多重特異性構築物を生成する方法であって、以下のステップ
（ａ）１つ又は複数のステップにおいて、請求項１から５のいずれか一項に記載の抗体又はその機能的断片をコードする１つ又は複数の核酸配列を、多重特異性構築物にクローニングすること、前記多重特異性構築物は、少なくとも第２の生物活性ドメイン、及び任意により、１つ又は複数の付加的な生物活性ドメインを含む、
を含む、方法。
前記第２の生物活性ドメインが、第２の抗体又はその機能的断片である、請求項１０に記載の方法。
以下：（ｉ）請求項１から４のいずれか一項に記載の抗体又はその機能的断片；及び（ｉｉ）第２の生物活性ドメイン；及び、任意により、（ｉｉｉ）１つ又は複数の付加的な生物活性ドメイン、を含む、多重特異性ポリペプチド構築物。

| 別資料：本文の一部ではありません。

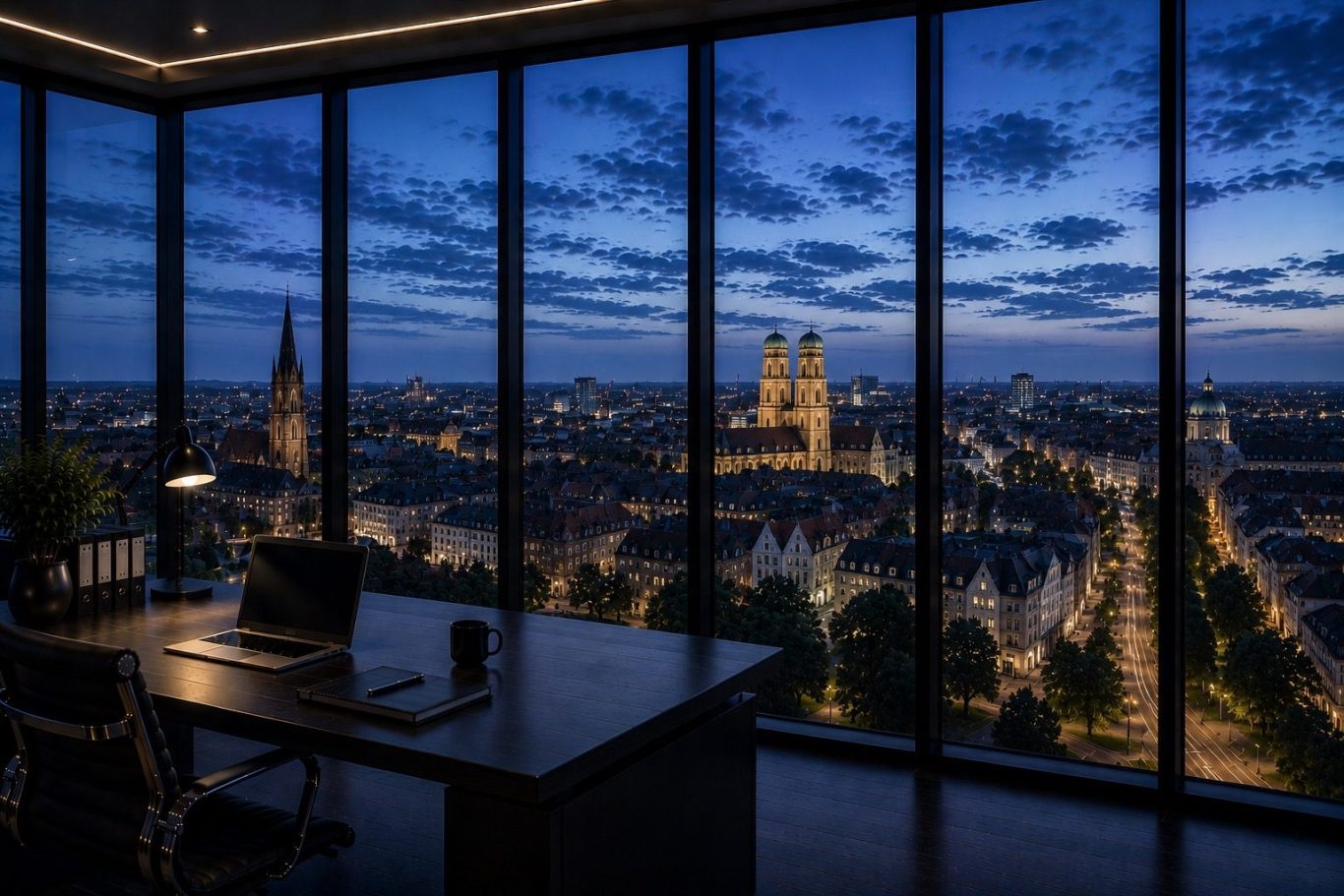 Moderner Konferenzraum mit Blick auf die Stadt Münster in der Abenddämmerung. Symboldbild für diskrete Wirtschaftsermittlungen in Münster. 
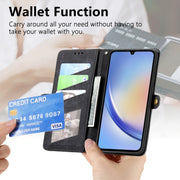For Samsung Galaxy A41 Geometric Zipper Wallet Side Buckle Leather Phone Case(Black)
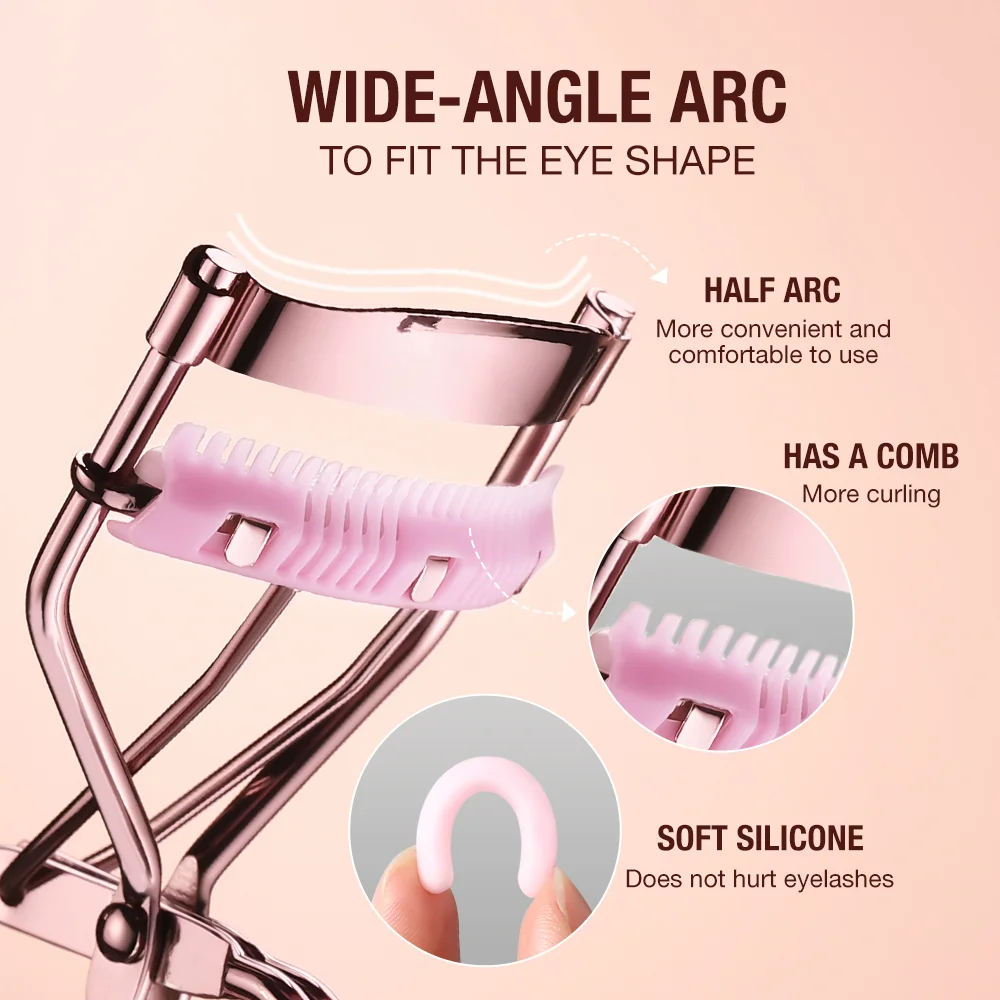 Eyelash Curler Professional Rose Gold Eyelash Curler Eyelash Accessories Makeup Tool Set Ladies Quick Styling Compact Portable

前記第２の生物活性ドメインが、第２の抗体又はその機能的断片である、請求項１２に記載の多重特異性ポリペプチド構築物。
医薬として使用するための、請求項１から５のいずれか一項に記載の抗体又はその機能的断片、あるいは請求項６に記載の医薬組成物、あるいは請求項１２又は１３に記載の多重特異性ポリペプチド構築物。
医薬の製造における、請求項１から５のいずれか一項に記載の抗体又はその機能的断片、あるいは請求項６に記載の医薬組成物、あるいは請求項１２又は１３に記載の多重特異性ポリペプチド構築物の使用。